## Aim of the task
Would you please copy the part of the material below that opens with the line containing "トンツカタン。左からお抹茶、森本、櫻田。" and closes with the line containing "Seal-Krete Epoxy-Seal 1-part"? Copy it exactly, and only it.

## Information

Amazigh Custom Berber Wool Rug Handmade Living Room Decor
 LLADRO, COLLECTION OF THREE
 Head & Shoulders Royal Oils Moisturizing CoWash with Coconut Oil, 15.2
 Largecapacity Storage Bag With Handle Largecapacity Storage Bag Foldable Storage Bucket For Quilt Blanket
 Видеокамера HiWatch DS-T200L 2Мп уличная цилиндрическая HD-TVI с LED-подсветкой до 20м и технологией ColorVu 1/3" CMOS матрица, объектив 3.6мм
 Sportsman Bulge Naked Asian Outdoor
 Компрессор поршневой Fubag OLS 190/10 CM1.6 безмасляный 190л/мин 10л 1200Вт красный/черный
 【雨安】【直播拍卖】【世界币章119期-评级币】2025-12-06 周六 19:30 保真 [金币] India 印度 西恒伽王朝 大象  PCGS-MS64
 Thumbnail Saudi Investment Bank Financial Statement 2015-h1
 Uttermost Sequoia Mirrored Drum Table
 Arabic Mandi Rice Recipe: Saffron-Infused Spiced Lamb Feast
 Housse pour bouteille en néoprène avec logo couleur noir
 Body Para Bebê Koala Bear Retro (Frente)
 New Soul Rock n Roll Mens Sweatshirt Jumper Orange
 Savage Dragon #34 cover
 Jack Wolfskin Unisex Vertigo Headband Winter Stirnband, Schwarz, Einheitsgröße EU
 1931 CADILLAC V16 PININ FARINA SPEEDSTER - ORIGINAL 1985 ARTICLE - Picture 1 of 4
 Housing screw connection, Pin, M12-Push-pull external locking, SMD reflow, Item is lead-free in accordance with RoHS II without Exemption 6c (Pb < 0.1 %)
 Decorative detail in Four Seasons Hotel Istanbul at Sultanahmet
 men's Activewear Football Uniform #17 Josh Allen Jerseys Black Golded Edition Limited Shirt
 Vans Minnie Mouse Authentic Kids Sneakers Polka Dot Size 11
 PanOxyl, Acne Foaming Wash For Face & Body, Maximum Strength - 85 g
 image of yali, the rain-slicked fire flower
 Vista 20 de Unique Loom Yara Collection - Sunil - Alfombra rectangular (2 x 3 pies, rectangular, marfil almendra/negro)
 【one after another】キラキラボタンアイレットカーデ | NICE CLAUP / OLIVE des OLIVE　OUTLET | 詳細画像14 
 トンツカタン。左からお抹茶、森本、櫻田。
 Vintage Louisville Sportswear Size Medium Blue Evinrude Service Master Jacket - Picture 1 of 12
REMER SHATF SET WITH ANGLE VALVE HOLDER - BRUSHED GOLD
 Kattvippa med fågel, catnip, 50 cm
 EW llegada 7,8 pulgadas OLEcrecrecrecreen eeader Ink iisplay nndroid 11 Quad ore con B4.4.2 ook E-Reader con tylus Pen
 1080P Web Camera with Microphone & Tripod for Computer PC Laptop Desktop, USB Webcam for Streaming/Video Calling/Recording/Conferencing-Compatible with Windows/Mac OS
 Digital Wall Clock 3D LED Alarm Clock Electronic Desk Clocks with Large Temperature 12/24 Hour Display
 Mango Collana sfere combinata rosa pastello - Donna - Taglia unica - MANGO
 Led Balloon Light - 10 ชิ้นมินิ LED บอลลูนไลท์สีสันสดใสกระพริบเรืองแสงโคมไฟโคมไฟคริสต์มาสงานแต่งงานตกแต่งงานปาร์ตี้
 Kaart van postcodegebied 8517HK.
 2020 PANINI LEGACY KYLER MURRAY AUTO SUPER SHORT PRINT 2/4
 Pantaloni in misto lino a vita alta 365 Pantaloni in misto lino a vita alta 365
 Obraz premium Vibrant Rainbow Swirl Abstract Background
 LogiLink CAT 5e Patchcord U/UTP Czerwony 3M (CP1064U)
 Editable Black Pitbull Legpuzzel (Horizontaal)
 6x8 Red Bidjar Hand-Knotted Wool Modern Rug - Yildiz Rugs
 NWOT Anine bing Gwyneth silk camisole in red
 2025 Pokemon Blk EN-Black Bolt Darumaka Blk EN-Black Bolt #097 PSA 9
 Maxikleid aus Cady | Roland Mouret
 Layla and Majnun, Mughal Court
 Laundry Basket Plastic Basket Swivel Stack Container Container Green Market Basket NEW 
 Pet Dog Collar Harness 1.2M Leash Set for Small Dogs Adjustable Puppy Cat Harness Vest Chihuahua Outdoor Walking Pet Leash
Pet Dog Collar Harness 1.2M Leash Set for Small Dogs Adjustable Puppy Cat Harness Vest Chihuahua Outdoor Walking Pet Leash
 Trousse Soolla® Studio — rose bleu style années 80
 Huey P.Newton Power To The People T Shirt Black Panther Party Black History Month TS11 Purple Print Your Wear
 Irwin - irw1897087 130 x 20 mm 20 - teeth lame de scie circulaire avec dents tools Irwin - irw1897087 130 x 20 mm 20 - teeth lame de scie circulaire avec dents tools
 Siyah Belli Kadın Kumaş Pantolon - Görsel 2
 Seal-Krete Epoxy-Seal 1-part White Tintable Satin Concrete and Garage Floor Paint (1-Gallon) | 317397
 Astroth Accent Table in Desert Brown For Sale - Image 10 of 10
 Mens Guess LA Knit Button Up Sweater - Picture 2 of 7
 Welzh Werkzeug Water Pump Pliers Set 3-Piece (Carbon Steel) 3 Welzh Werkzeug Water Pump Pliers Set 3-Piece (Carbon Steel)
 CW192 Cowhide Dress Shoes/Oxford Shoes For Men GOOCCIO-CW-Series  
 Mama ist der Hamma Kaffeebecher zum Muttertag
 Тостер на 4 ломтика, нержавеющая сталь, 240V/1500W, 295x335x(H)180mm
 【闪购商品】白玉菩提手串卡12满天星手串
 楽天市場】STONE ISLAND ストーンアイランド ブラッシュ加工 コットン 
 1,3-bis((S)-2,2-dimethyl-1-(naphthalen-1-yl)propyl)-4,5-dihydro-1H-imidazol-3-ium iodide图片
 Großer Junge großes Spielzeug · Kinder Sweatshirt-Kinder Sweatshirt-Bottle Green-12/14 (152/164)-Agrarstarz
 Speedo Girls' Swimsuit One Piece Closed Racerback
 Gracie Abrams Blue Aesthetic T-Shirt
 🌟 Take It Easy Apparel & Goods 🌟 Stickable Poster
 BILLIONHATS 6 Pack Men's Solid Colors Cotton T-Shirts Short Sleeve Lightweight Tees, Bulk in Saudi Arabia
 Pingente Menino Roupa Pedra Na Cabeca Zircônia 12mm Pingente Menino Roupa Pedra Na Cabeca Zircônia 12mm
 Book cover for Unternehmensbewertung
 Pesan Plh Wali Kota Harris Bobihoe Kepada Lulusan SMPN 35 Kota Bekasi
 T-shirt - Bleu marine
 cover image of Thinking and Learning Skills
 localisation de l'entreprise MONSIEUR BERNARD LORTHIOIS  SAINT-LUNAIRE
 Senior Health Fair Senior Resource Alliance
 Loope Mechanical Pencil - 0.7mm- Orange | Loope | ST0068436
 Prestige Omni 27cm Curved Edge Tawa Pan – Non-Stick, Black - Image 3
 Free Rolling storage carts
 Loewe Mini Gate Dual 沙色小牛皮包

## Answer space
 トンツカタン。左からお抹茶、森本、櫻田。
 Vintage Louisville Sportswear Size Medium Blue Evinrude Service Master Jacket - Picture 1 of 12
REMER SHATF SET WITH ANGLE VALVE HOLDER - BRUSHED GOLD
 Kattvippa med fågel, catnip, 50 cm
 EW llegada 7,8 pulgadas OLEcrecrecrecreen eeader Ink iisplay nndroid 11 Quad ore con B4.4.2 ook E-Reader con tylus Pen
 1080P Web Camera with Microphone & Tripod for Computer PC Laptop Desktop, USB Webcam for Streaming/Video Calling/Recording/Conferencing-Compatible with Windows/Mac OS
 Digital Wall Clock 3D LED Alarm Clock Electronic Desk Clocks with Large Temperature 12/24 Hour Display
 Mango Collana sfere combinata rosa pastello - Donna - Taglia unica - MANGO
 Led Balloon Light - 10 ชิ้นมินิ LED บอลลูนไลท์สีสันสดใสกระพริบเรืองแสงโคมไฟโคมไฟคริสต์มาสงานแต่งงานตกแต่งงานปาร์ตี้
 Kaart van postcodegebied 8517HK.
 2020 PANINI LEGACY KYLER MURRAY AUTO SUPER SHORT PRINT 2/4
 Pantaloni in misto lino a vita alta 365 Pantaloni in misto lino a vita alta 365
 Obraz premium Vibrant Rainbow Swirl Abstract Background
 LogiLink CAT 5e Patchcord U/UTP Czerwony 3M (CP1064U)
 Editable Black Pitbull Legpuzzel (Horizontaal)
 6x8 Red Bidjar Hand-Knotted Wool Modern Rug - Yildiz Rugs
 NWOT Anine bing Gwyneth silk camisole in red
 2025 Pokemon Blk EN-Black Bolt Darumaka Blk EN-Black Bolt #097 PSA 9
 Maxikleid aus Cady | Roland Mouret
 Layla and Majnun, Mughal Court
 Laundry Basket Plastic Basket Swivel Stack Container Container Green Market Basket NEW 
 Pet Dog Collar Harness 1.2M Leash Set for Small Dogs Adjustable Puppy Cat Harness Vest Chihuahua Outdoor Walking Pet Leash
Pet Dog Collar Harness 1.2M Leash Set for Small Dogs Adjustable Puppy Cat Harness Vest Chihuahua Outdoor Walking Pet Leash
 Trousse Soolla® Studio — rose bleu style années 80
 Huey P.Newton Power To The People T Shirt Black Panther Party Black History Month TS11 Purple Print Your Wear
 Irwin - irw1897087 130 x 20 mm 20 - teeth lame de scie circulaire avec dents tools Irwin - irw1897087 130 x 20 mm 20 - teeth lame de scie circulaire avec dents tools
 Siyah Belli Kadın Kumaş Pantolon - Görsel 2
 Seal-Krete Epoxy-Seal 1-part White Tintable Satin Concrete and Garage Floor Paint (1-Gallon) | 317397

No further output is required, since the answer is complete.